The biggest falls in spending came on expensive items such as cars and Christmas trips abroad, while cheaper luxuries such as beauty treatments and cosmetics saw gains.
“People opt for smaller treats, at the same time tightening their belts when it comes to larger purchases,” Visa executive Mark Antipof said.
Black Friday discounts in late November boosted online sales at the expense of physical stores, Visa added.
British inflation has held at a five-year high of 3.0 percent since September, pushed up by the fall in the pound since June 2016’s Brexit vote, while wages have failed to keep pace.
The British Chambers of Commerce, in a quarterly update to its economic outlook on Monday, said it expected this to persist throughout 2018.

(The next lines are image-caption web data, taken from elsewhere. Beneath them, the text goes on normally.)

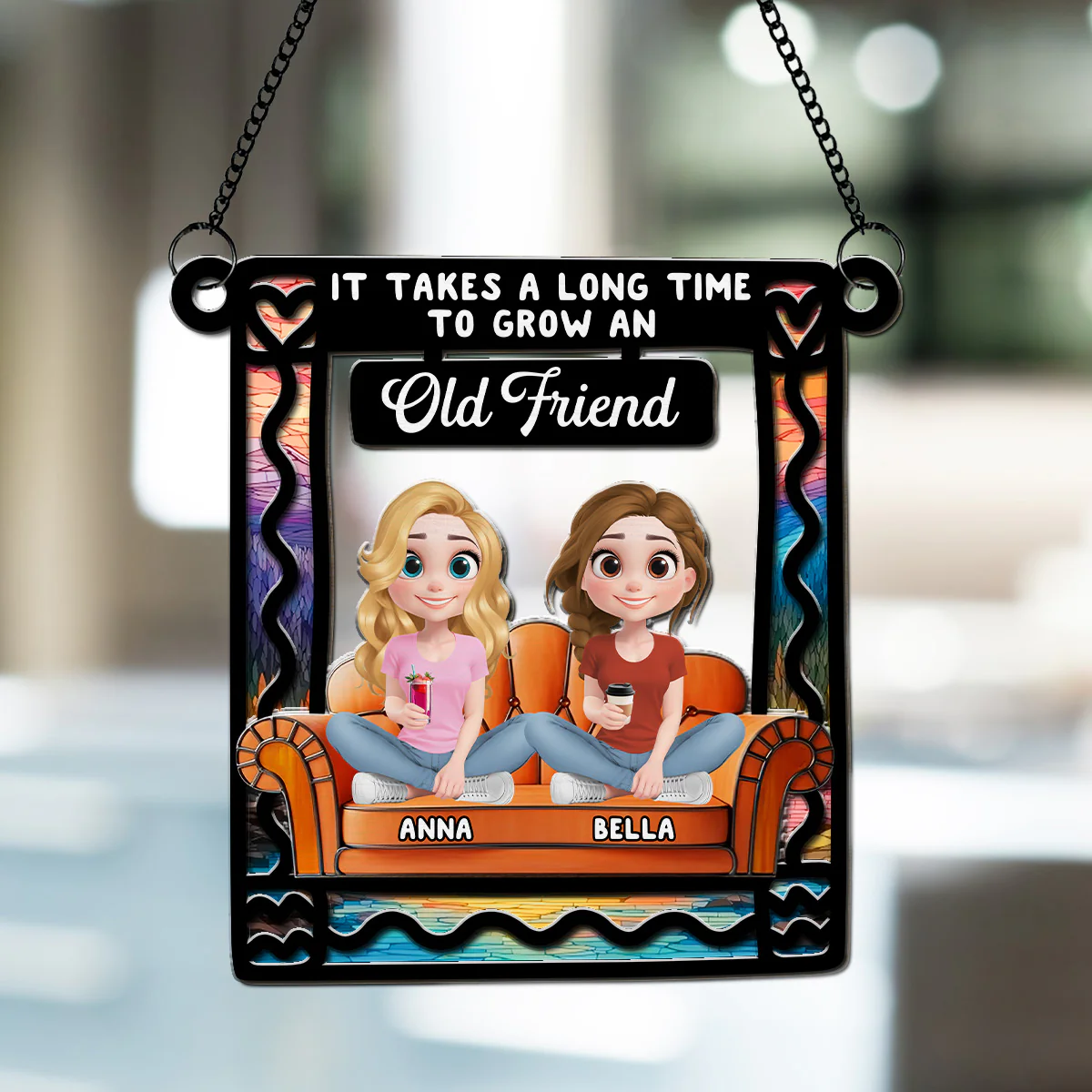 It Takes A Long Time To Grow An Old Friends - Personalized Custom Suncatcher - Image 3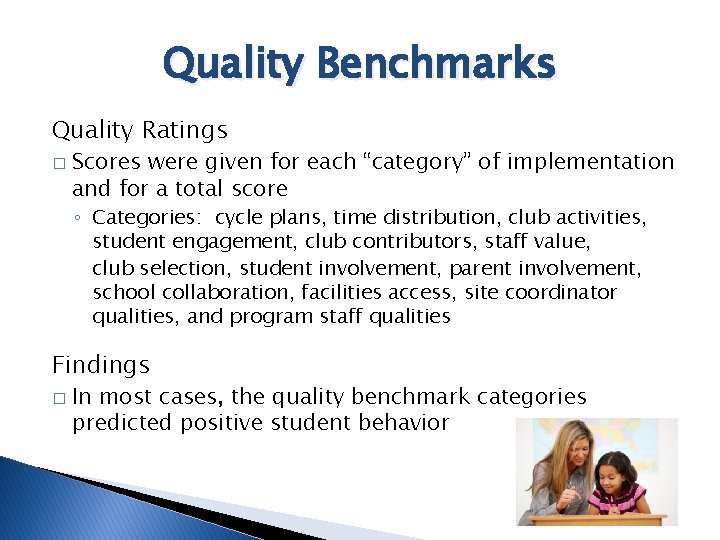 Quality Benchmarks Quality Ratings � Scores were given for each “category” of implementation and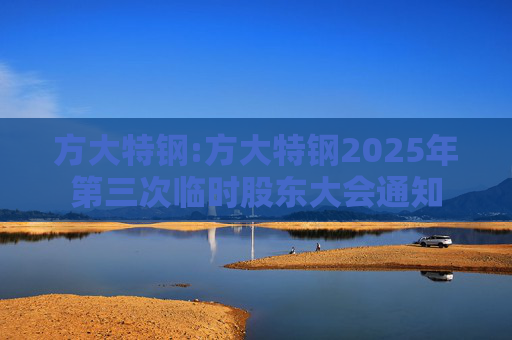 方大特钢:方大特钢2025年第三次临时股东大会通知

“Continued uncertainty over Brexit and the burden of upfront cost pressures facing businesses is likely to stifle business investment, while falling real wage growth is expected to continue to weigh on consumer spending,” BCC economist Suren Thiru said.
The BCC cut its forecasts for 2017, 2018 and 2019, seeing growth of 1.5 percent this year, slowing to 1.1 percent in 2018 and only partially recovering to 1.3 percent in 2019.
This is slightly below the average for economists polled by Reuters, who expect growth of 1.3 percent next year and 1.5 percent in 2019, when Britain is due to leave the European Union.
On Friday, Britain and the EU agreed on a Brexit divorce deal, enabling them to begin talks about trade and a two-year transition period that will start when Britain leaves the bloc on March 29, 2019.
But businesses said they would need to see a clear transition agreement as soon as possible for them to be able to put contingency plans on hold.
Separately, jobs website Indeed said Britain remained by far the most popular EU location for cross-border job searches, although Germany, Ireland and Luxembourg had seen some gains over the past two years at the United Kingdom’s expense.